▶ AIM OF THE EXERCISE: Transcribe the data that follows in full. Leave out the pictures.

▶ EXCERPTED DATA:
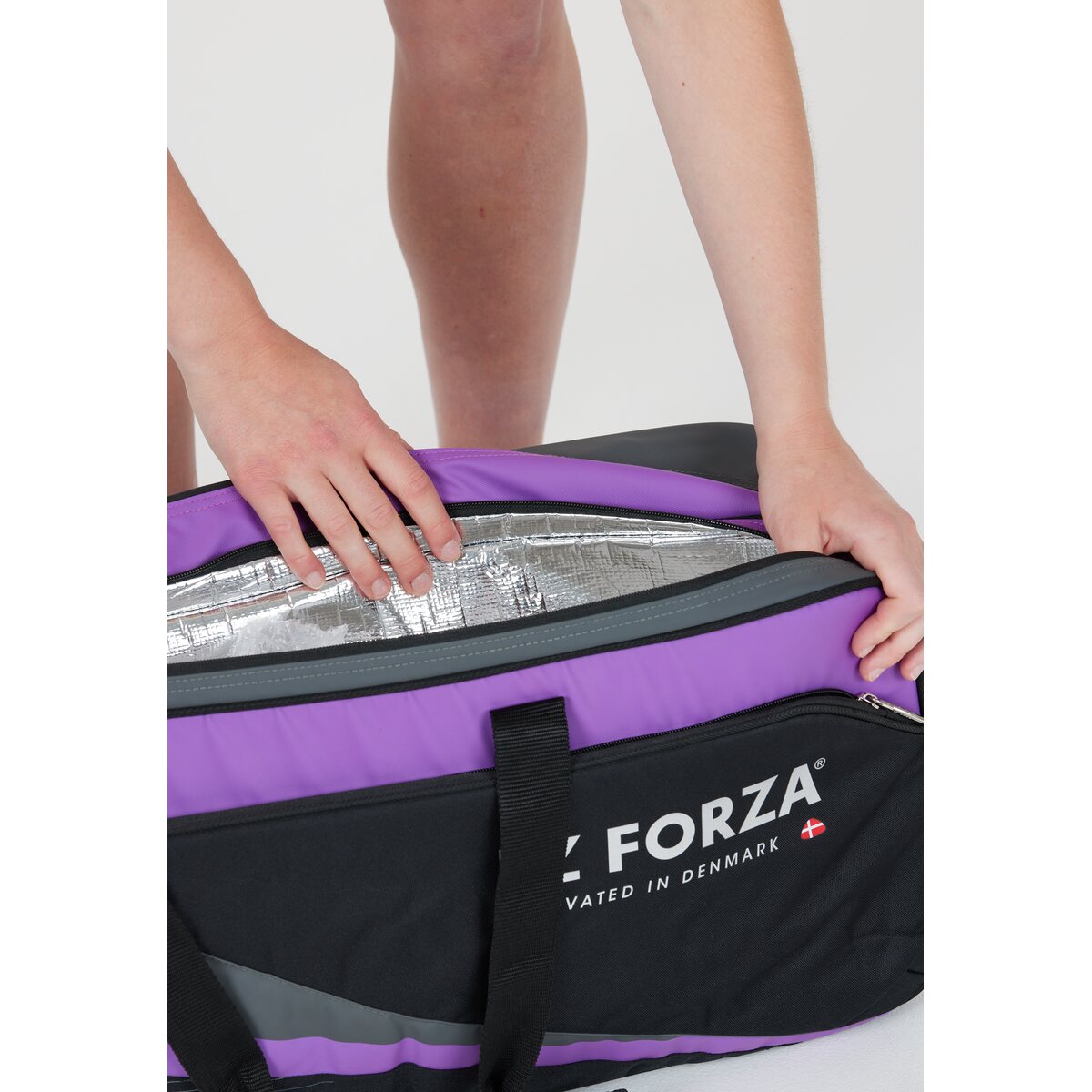 FZ Forza Tourline Square (Purple Flower) taske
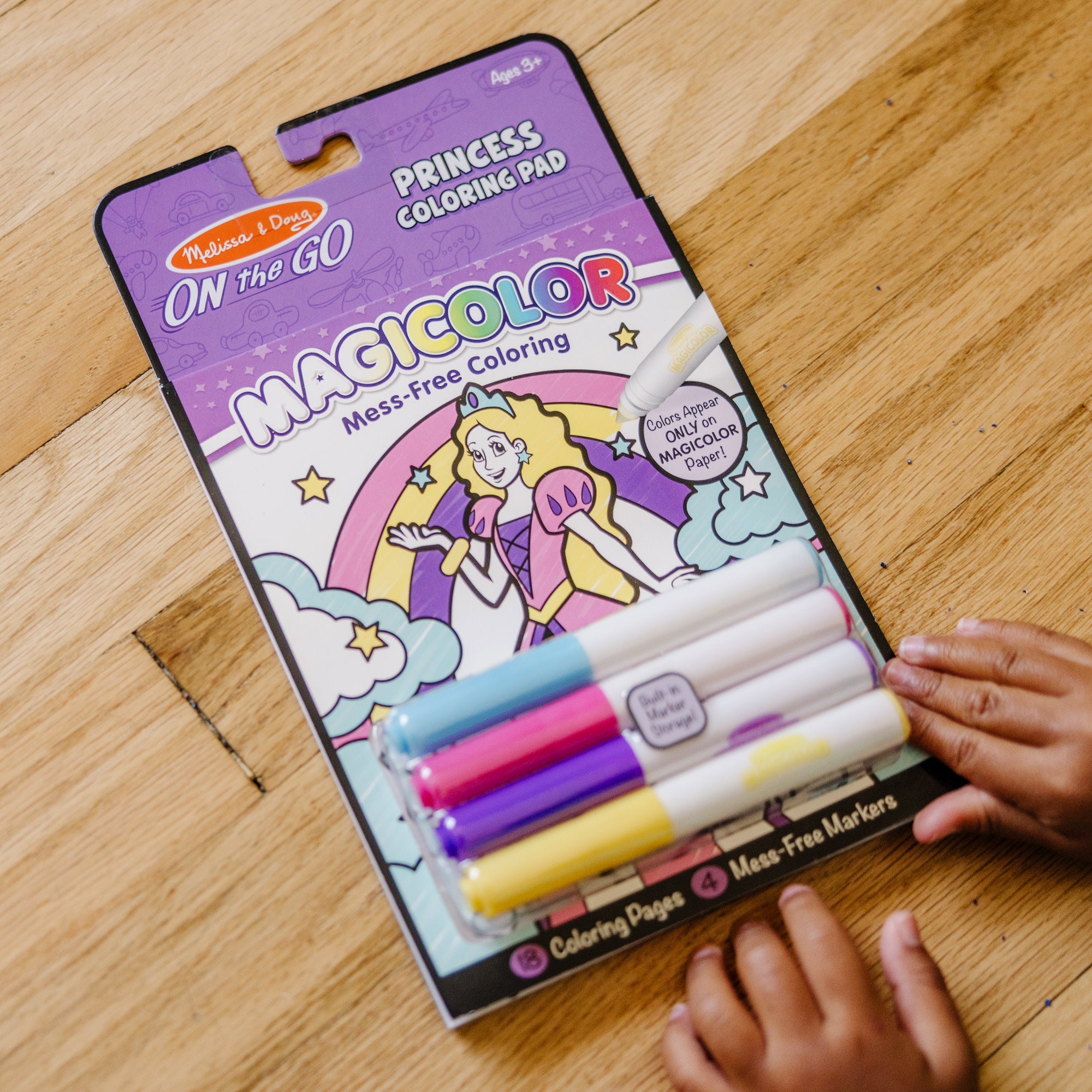 Magicolor Coloring Pad - Princess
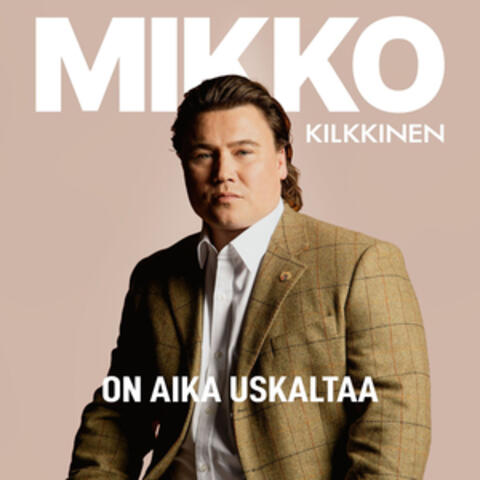 On aika uskaltaa album art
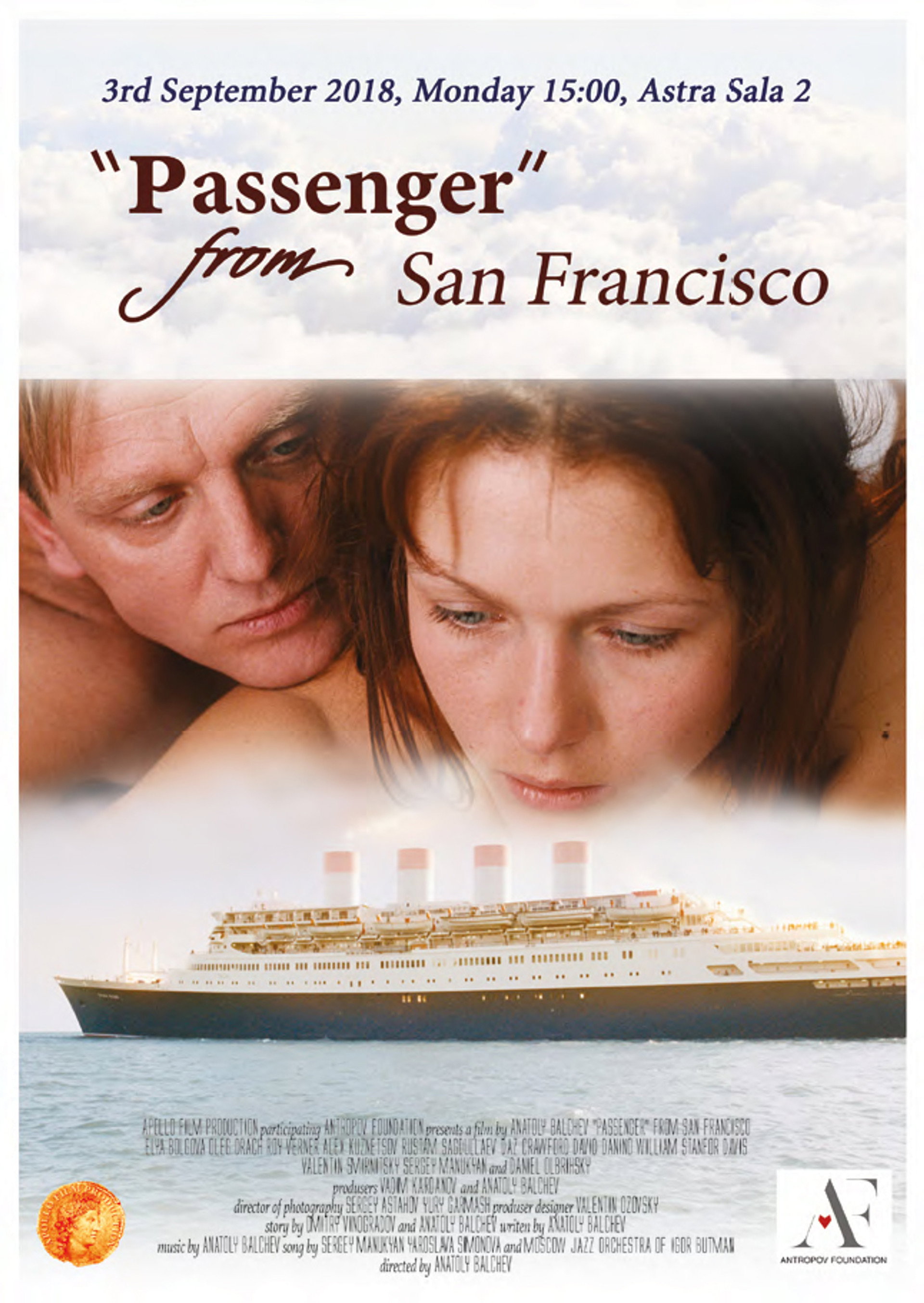 Passenger from San Francisco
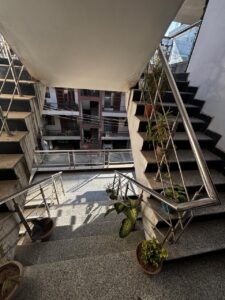 Furnished 2BHK Flat for Sale in Zirakpur with Roof Rights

▶ YOUR RESPONSE:
 FZ Forza Tourline Square (Purple Flower) taske
 Magicolor Coloring Pad - Princess
 On aika uskaltaa album art
 Passenger from San Francisco
 Furnished 2BHK Flat for Sale in Zirakpur with Roof Rights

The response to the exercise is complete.